Start of EXTRACTED RECORDS

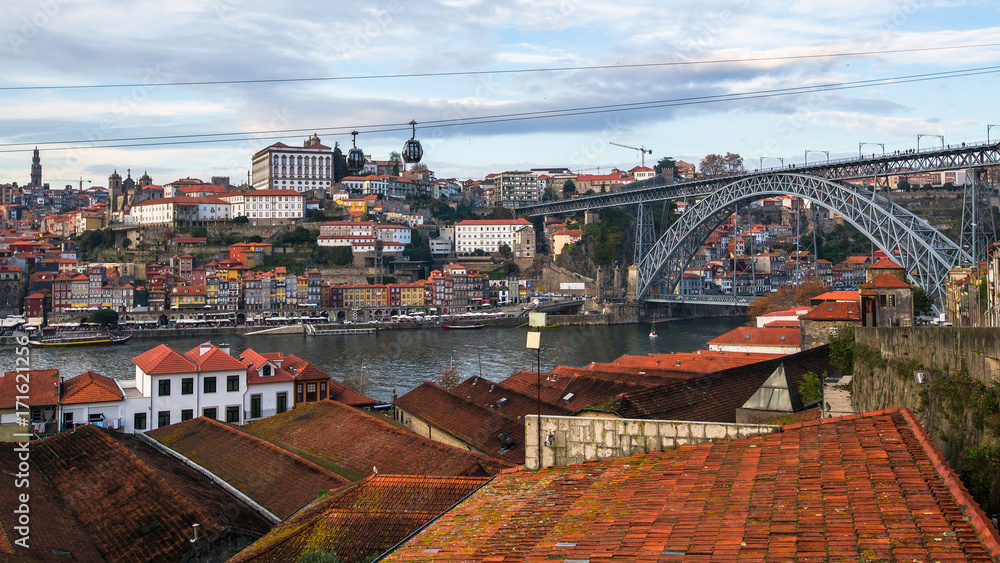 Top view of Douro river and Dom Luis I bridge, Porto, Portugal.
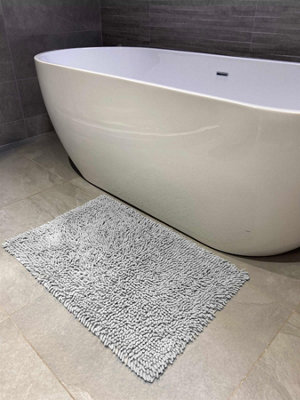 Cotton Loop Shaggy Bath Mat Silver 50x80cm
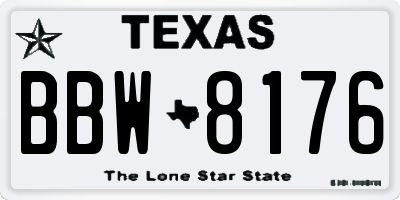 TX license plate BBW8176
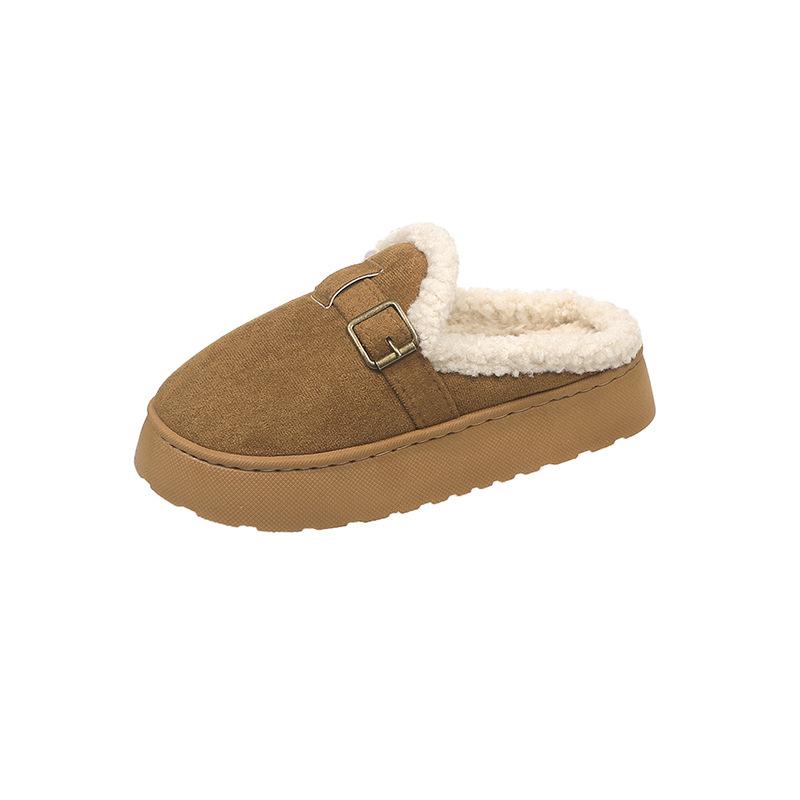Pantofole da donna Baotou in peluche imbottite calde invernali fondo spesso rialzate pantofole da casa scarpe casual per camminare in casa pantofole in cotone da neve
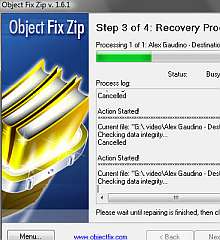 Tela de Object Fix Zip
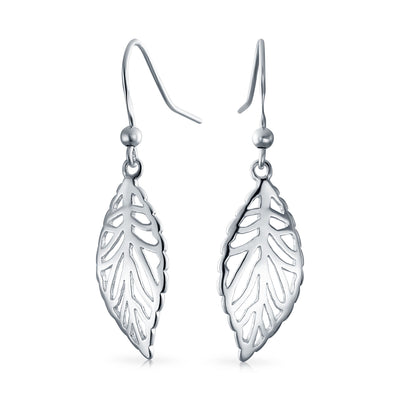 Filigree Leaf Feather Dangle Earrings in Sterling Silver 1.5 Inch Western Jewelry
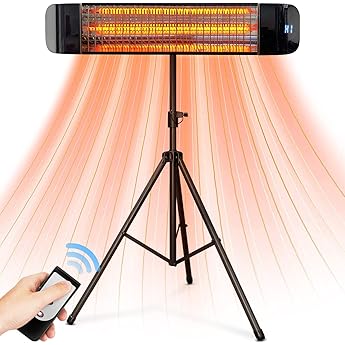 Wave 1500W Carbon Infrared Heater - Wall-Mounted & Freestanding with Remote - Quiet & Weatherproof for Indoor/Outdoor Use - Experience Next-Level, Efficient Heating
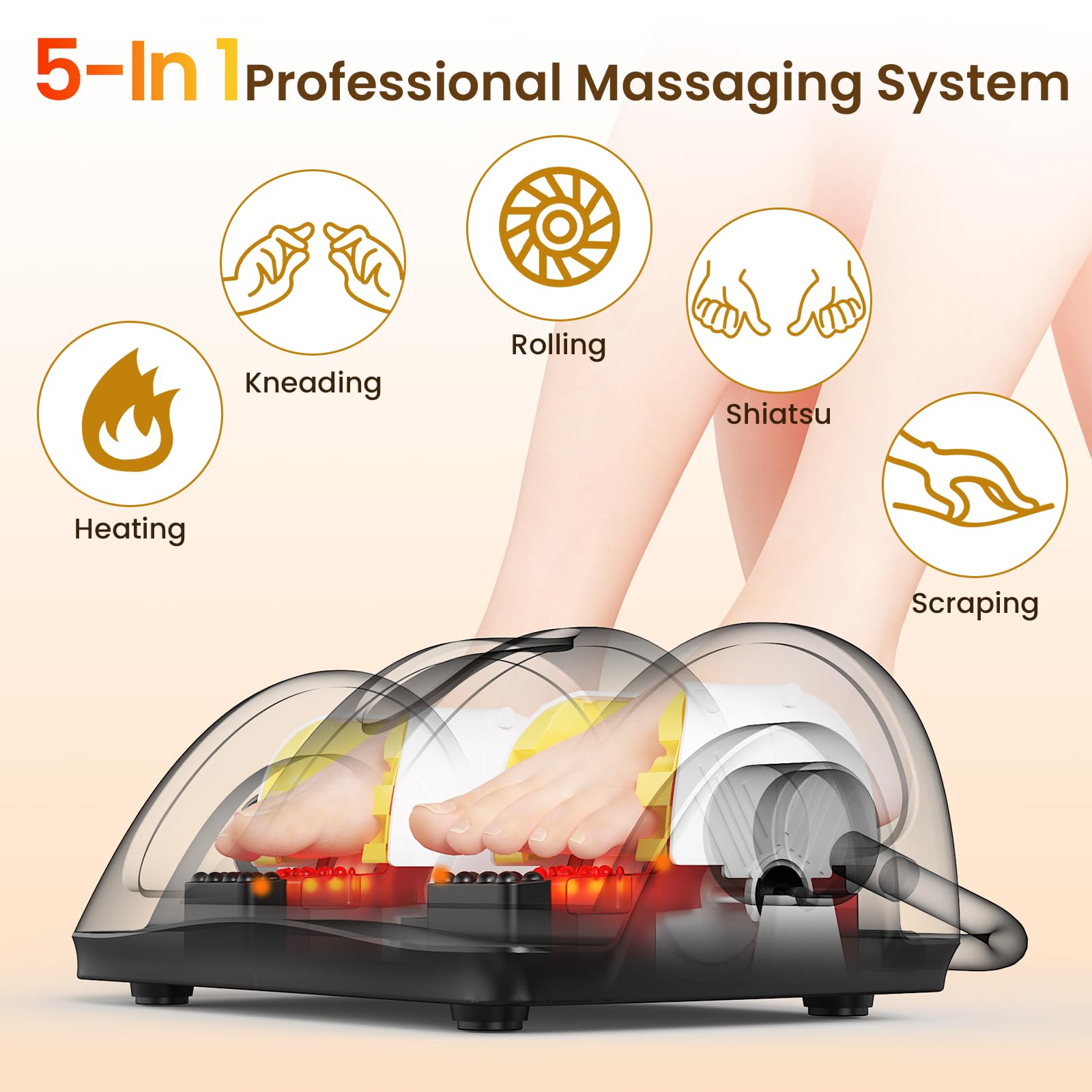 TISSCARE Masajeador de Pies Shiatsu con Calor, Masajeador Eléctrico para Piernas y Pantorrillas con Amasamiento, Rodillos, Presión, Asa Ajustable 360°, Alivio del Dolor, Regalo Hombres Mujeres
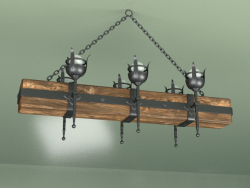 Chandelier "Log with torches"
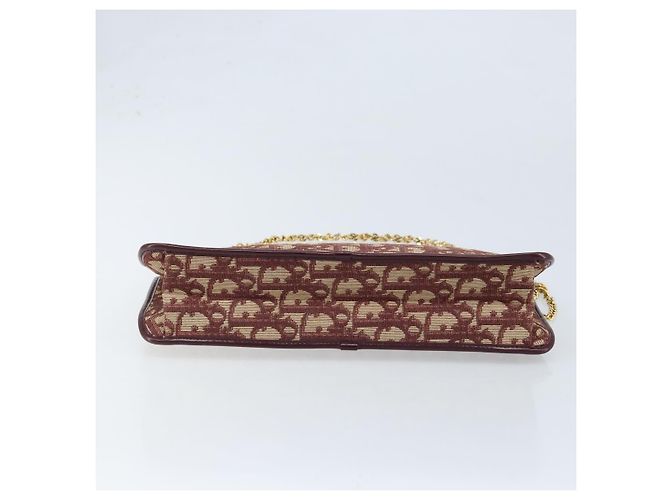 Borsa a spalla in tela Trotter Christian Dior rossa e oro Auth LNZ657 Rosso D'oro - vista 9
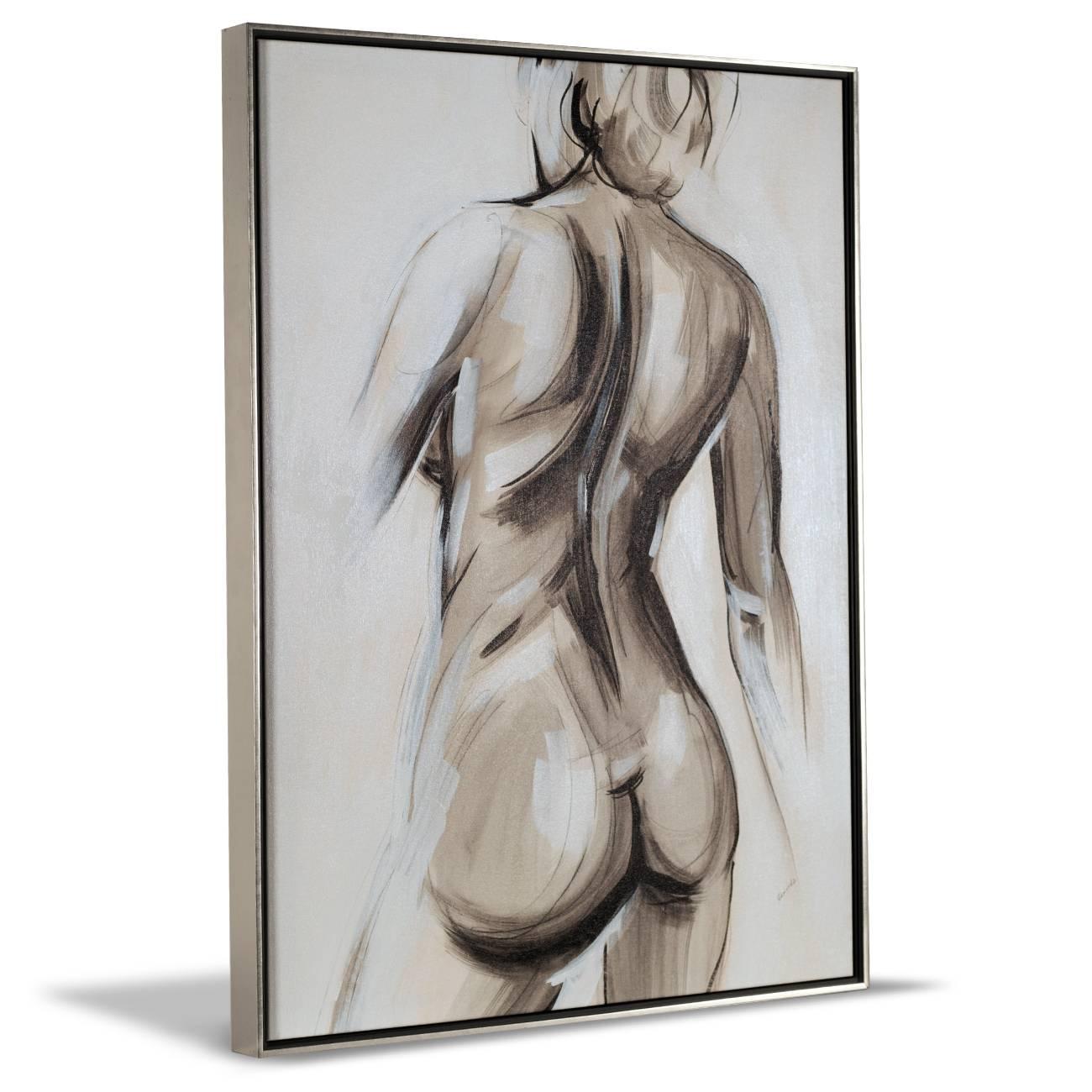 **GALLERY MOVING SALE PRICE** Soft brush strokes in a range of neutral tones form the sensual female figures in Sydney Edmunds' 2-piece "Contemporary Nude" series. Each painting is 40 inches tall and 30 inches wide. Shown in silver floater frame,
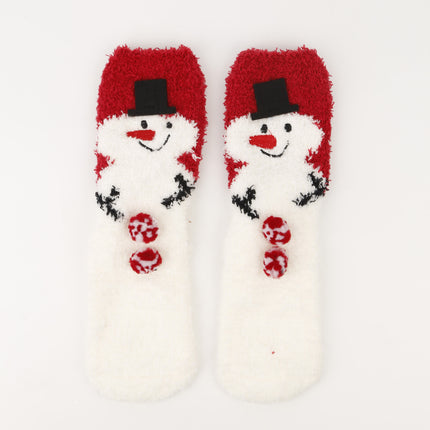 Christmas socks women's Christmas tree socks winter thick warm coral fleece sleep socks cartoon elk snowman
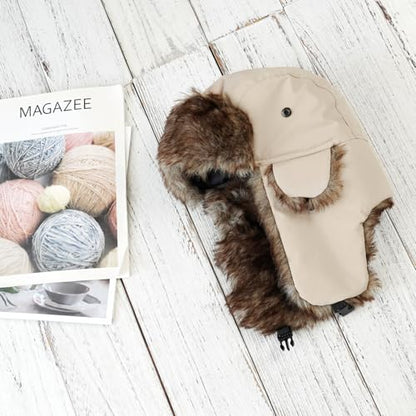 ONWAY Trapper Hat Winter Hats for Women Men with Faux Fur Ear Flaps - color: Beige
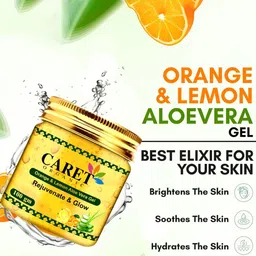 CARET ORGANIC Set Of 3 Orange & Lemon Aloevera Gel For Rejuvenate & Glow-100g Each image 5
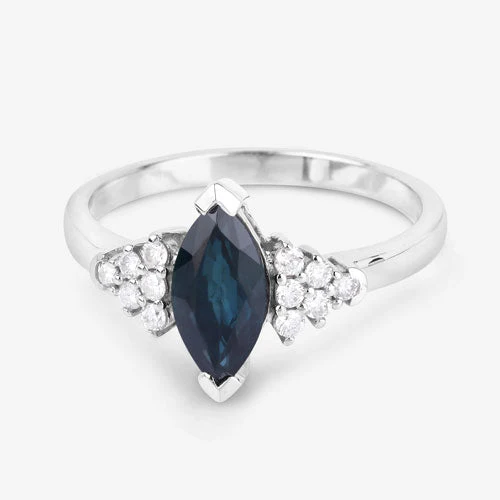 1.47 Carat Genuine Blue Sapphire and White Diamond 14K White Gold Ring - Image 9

End of EXTRACTED RECORDS

- **YOUR OBJECTIVE**
For the material above, give again only the lines starting at the line that contains "Christmas socks women's" and ending at the line that contains "CARET ORGANIC Set". Pictures do not belong in the copy.

- **PROBLEM SOLUTION**
 Christmas socks women's Christmas tree socks winter thick warm coral fleece sleep socks cartoon elk snowman
 ONWAY Trapper Hat Winter Hats for Women Men with Faux Fur Ear Flaps - color: Beige
 CARET ORGANIC Set Of 3 Orange & Lemon Aloevera Gel For Rejuvenate & Glow-100g Each image 5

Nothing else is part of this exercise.